* Material provided *
((

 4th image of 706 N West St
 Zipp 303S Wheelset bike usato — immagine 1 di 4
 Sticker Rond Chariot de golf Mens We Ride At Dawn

))

Please output all the lines above exactly as given.

 4th image of 706 N West St
 Zipp 303S Wheelset bike usato — immagine 1 di 4
 Sticker Rond Chariot de golf Mens We Ride At Dawn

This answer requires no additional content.